Seconde difficulté : il y a une certaine tendance à mettre l'accent sur un seul des paramètres, à savoir le taux de cotisations : or, l'enjeu de la réforme est bien de ne pas laisser aux actifs de demain une charge trop lourde. Si nous leur laissons une charge trop importante, ils seraient en situation de remettre en cause le contrat entre les générations. Ce seraient précisément les retraites de ceux qui ont refusé de réformer le système qui seraient remises en cause. On ne peut pas armer de cette façon un conflit entre générations et ignorer la nécessité d'une vraie solidarité.
Il faut rappeler que de tous les pays européens, la France est celui où le poids des cotisations sociales est déjà le plus élevé. Nous devons d'autant plus veiller à ne pas " charger la barque " en particulier au moment où la conjoncture économique est difficile.
Troisième difficulté : beaucoup d'interlocuteurs sont tentés par le recours pour résoudre l'impasse financière, à l'élargissement de l'assiette du financement : profits financiers des entreprises, valeur ajoutée, cotisation sur la consommation...
Sur ce point, je souhaite faire trois remarques.
La première est que la réforme Balladur, et la création du Fonds de solidarité vieillesse, a déjà opéré une distinction entre les avantages contributifs et les avantages non contributifs, qui sont aujourd'hui financés par une fraction de CSG.
La seconde, c'est que la répartition est par nature un système contributif. La retraite doit principalement être liée au salaire. S'il peut exister un débat -légitime- sur le financement de notre protection sociale, en matière de retraite, l'assiette salariale me paraît devoir être à la base du système.
La troisième, c'est que tout prélèvement doit être évalué par référence à un contexte économique et social d'ensemble. La solution du prélèvement est donc à mon sens une solution de dernier rang. En définitive, je préférerais à ce stade ne pas la privilégier.

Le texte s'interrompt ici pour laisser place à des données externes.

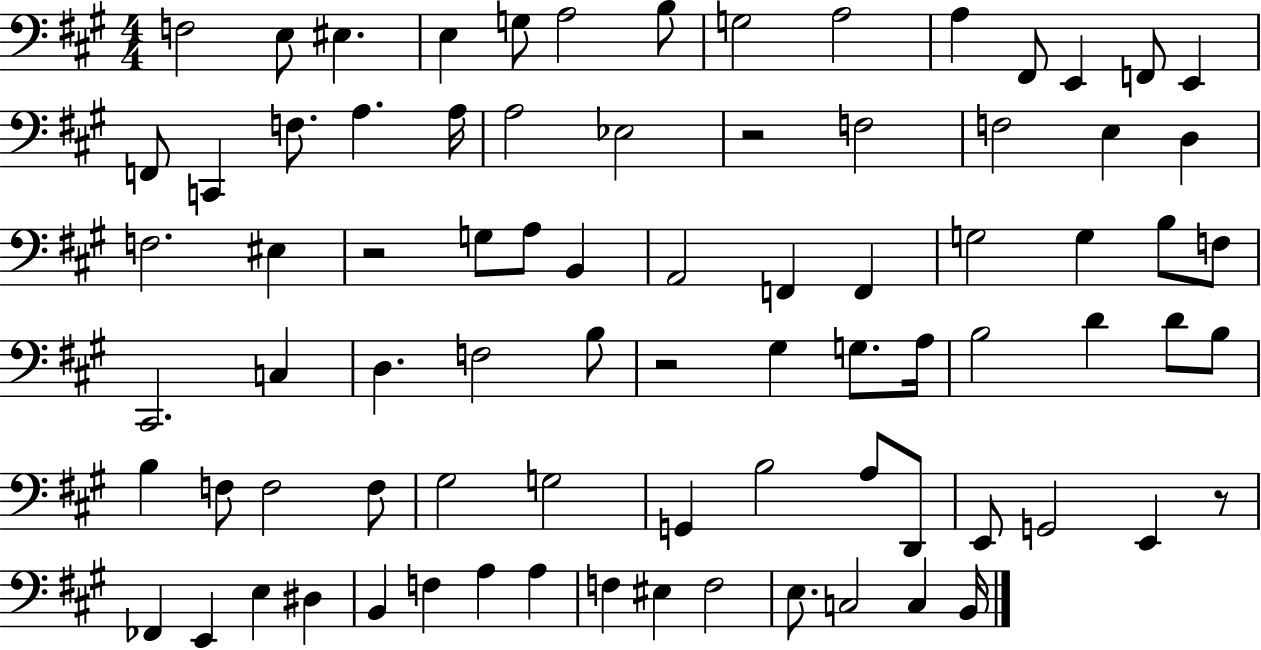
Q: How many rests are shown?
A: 4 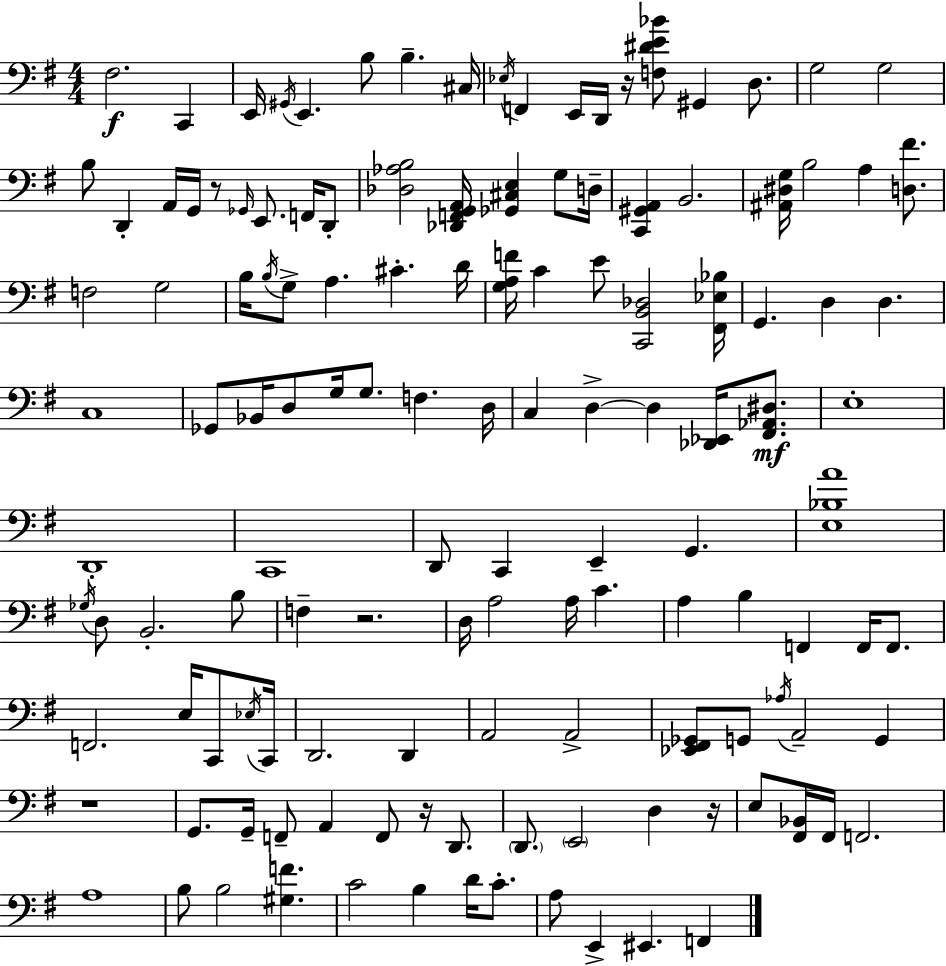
F#3/h. C2/q E2/s G#2/s E2/q. B3/e B3/q. C#3/s Eb3/s F2/q E2/s D2/s R/s [F3,D#4,E4,Bb4]/e G#2/q D3/e. G3/h G3/h B3/e D2/q A2/s G2/s R/e Gb2/s E2/e. F2/s D2/e [Db3,Ab3,B3]/h [Db2,F2,G2,A2]/s [Gb2,C#3,E3]/q G3/e D3/s [C2,G#2,A2]/q B2/h. [A#2,D#3,G3]/s B3/h A3/q [D3,F#4]/e. F3/h G3/h B3/s B3/s G3/e A3/q. C#4/q. D4/s [G3,A3,F4]/s C4/q E4/e [C2,B2,Db3]/h [F#2,Eb3,Bb3]/s G2/q. D3/q D3/q. C3/w Gb2/e Bb2/s D3/e G3/s G3/e. F3/q. D3/s C3/q D3/q D3/q [Db2,Eb2]/s [F#2,Ab2,D#3]/e. E3/w D2/w C2/w D2/e C2/q E2/q G2/q. [E3,Bb3,A4]/w Gb3/s D3/e B2/h. B3/e F3/q R/h. D3/s A3/h A3/s C4/q. A3/q B3/q F2/q F2/s F2/e. F2/h. E3/s C2/e Eb3/s C2/s D2/h. D2/q A2/h A2/h [Eb2,F#2,Gb2]/e G2/e Ab3/s A2/h G2/q R/w G2/e. G2/s F2/e A2/q F2/e R/s D2/e. D2/e. E2/h D3/q R/s E3/e [F#2,Bb2]/s F#2/s F2/h. A3/w B3/e B3/h [G#3,F4]/q. C4/h B3/q D4/s C4/e. A3/e E2/q EIS2/q. F2/q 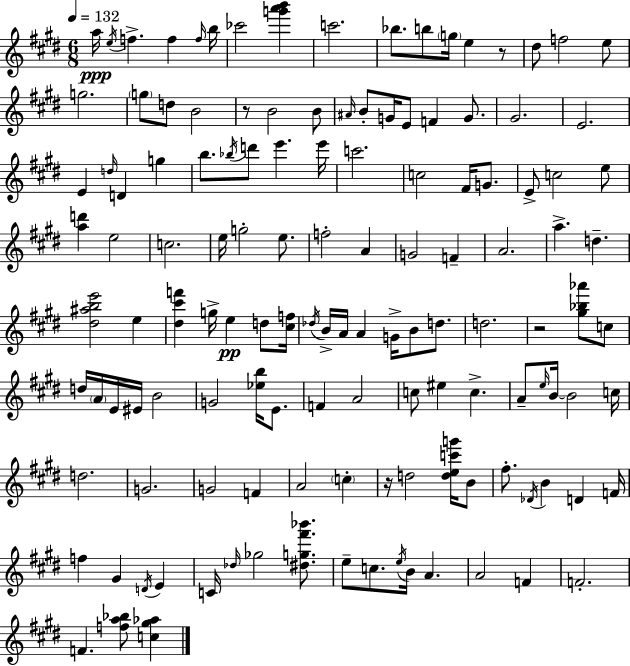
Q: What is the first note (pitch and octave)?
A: A5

La poursuite du dialogue devra tenter de résoudre ces contradictions. Après cette première phase, nous entrons en effet dans le temps de la concertation - certains préfèrent dire négociations ; je ne m'attarderai pas sur cette querelle de mots - Nous allons travailler ensemble pour rapprocher les points de vue et trouver les compromis indispensables, voilà l'essentiel !
Le temps de la concertation, c'est le mois de mars.
Le groupe confédéral que j'avais annoncé tient sa première réunion vendredi 28 février, c'est-à-dire demain.
Ce groupe rassemble des " spécialistes " du sujet retraites des confédérations. Il est co-présidé par nos deux directeurs de cabinet et se réunira sur une base au moins hebdomadaire.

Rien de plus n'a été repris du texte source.